Oireachtas Joint and Select Committees

Tuesday, 18 April 2023

Joint Oireachtas Committee on Education and Skills

The Future of STEM in Irish Education: Discussion (Resumed)

Professor Hamsa Venkat:

I will begin with the question relating to the length of time dedicated to science. In the new primary curriculum, there is a monthly specification that goes with science, technology and engineering. The danger with that, as we have seen even before the introduction of this curriculum, is that science time is already being whittled down. Teachers who are not very confident about their own knowledge of science are being told they will have to teach science, technology and engineering in the same time allocation. We think science is a very important part of STEM, but if we want to protect it, we will have to give enough time to it.

Our suggestion would be to give science a weekly time allocation and, moreover, to give at least termly access to an extensive, expansive STEM project, of various sorts, that children at all grades, from early years into primary schooling, would get every year. They are going to complete a range of projects. We would strongly say teacher education needs to come on board. All of us around this table, I would guess, got into STEM on the back of traditional disciplinary learning. We did not have much access to integrated learning. Integrated learning is new for many teachers, especially in the field of STEM, so teacher education should work in parallel.

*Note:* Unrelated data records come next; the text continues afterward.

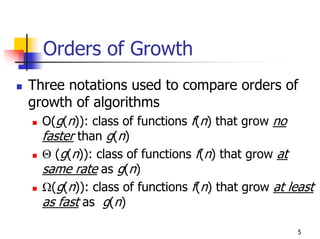 Orders of Growth
Three notations used to compare orders of
growth of algorithms
  O(g(n)): class of functions f(n) that grow no
  faster than g(n)
  Θ (g(n)): class of functions f(n) that grow at
  same rate as g(n)
  Ω(g(n)): class of functions f(n) that grow at least
  as fast as g(n)

                                                  5
 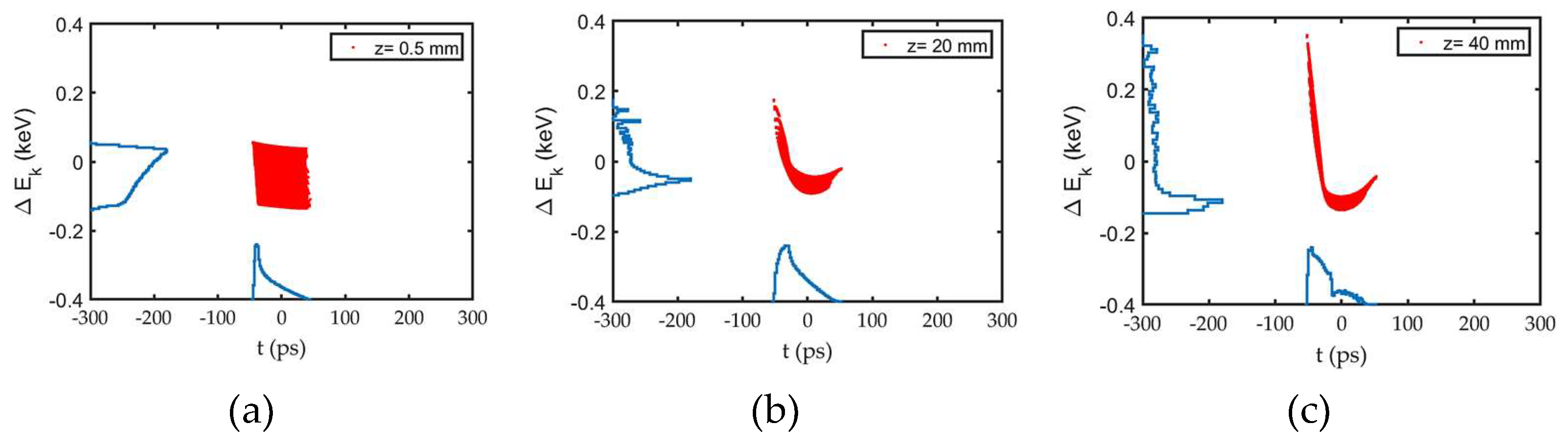 Preprints 159171 g011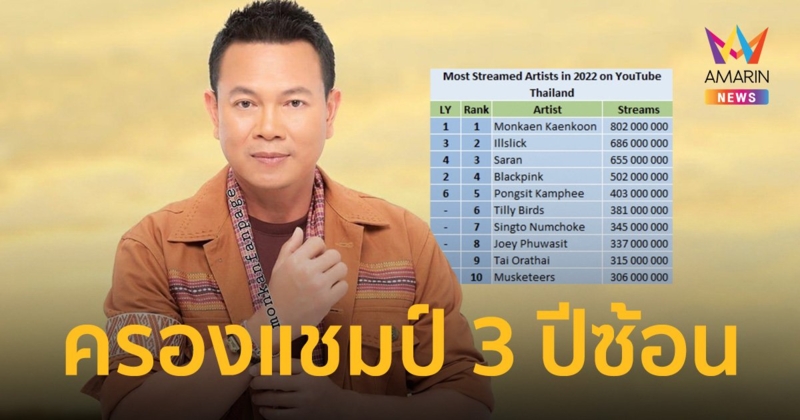 “มนต์แคน แก่นคูน” ครองแชมป์ 3 ปีซ้อน ศิลปินที่มียอดวิวบนยูทูบสูงสุดในไทย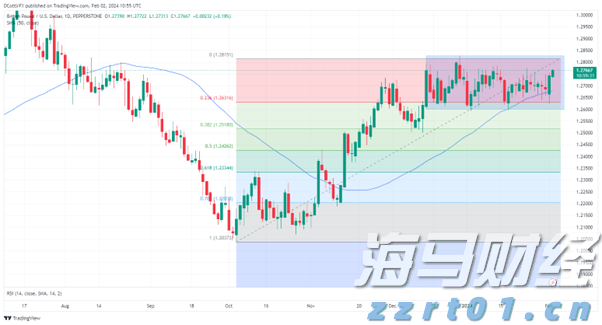 贝莱德:港股吸引力持续显现,关注AI、半导体、机器人等领域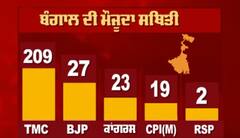 ਕੀ ਹੈ ਬੰਗਾਲ ਦੀ ਮੌਜੂਦਾ ਸਥਿਤੀ ?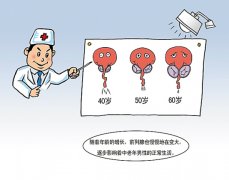 中年男性也会患前列腺增生？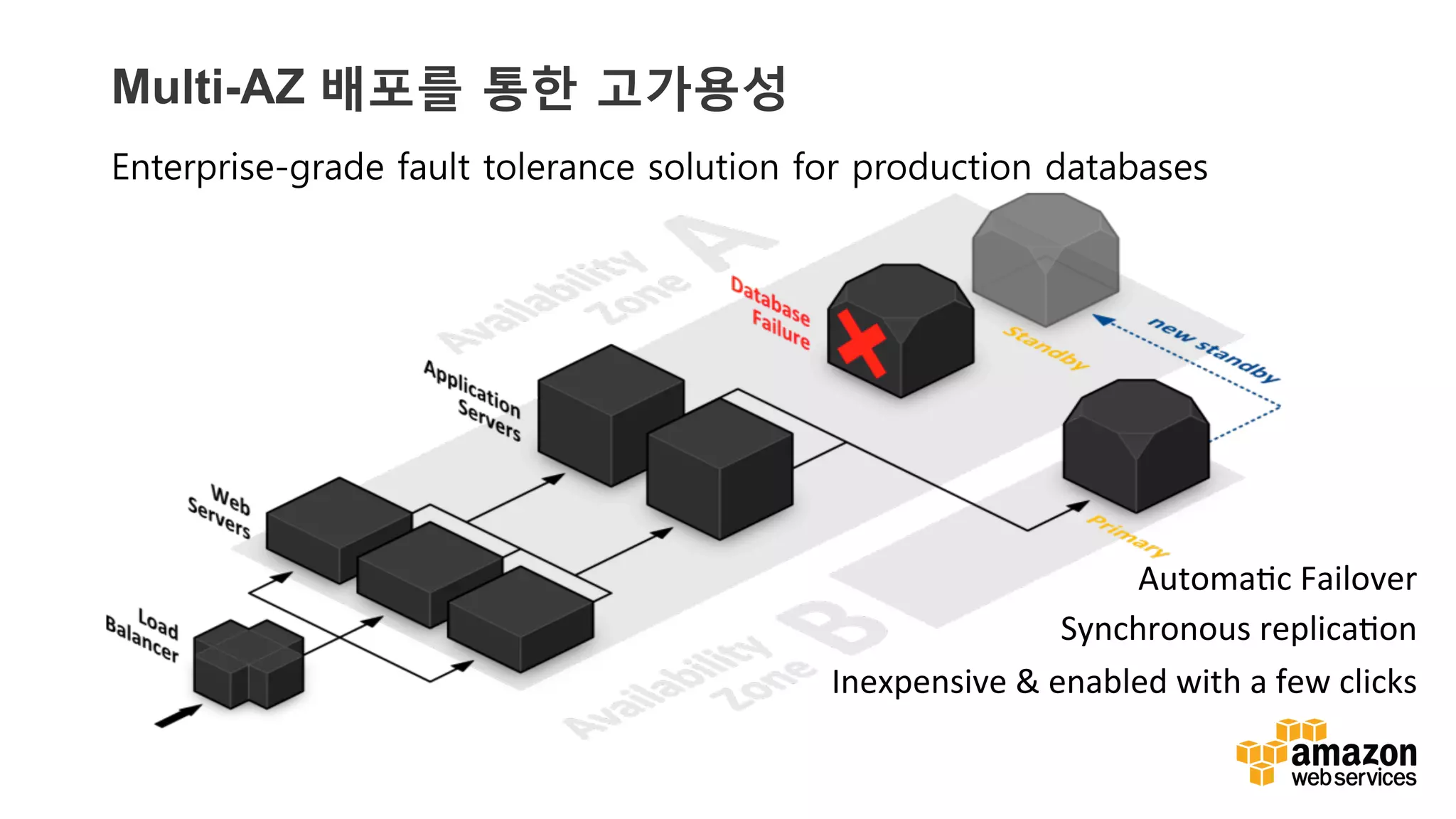 v	
  v	
  
Multi-AZ 배포를 통한 고가용성
Enterprise-grade fault tolerance solution for production databases
 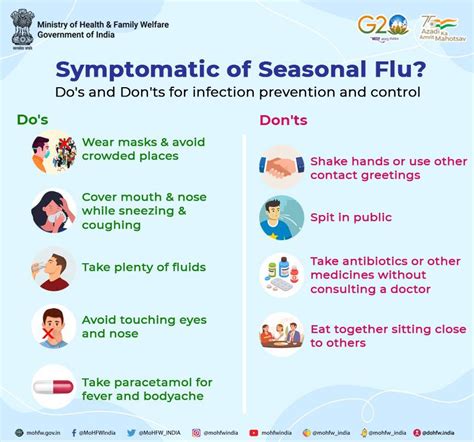 Ministry Of Health On Twitter Influenza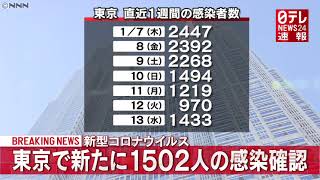【1月14日】「新型コロナ」東京で新たに1502人感染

I agree that extending the programme to 2026 sounds like a long timeline, but in educational innovation anywhere in the world, it is probably not long. What we would not want is to do is get to 2026 and find we are not much further on than we were in 2017, so thinking carefully about what we put in place systemically in teacher education is a major part of this. Having said that, so too is the provision of technology and digital resources that we need in schools. I would suggest that to do that carefully and systemically, we will do well to think in the medium term rather than in a shorter timeline.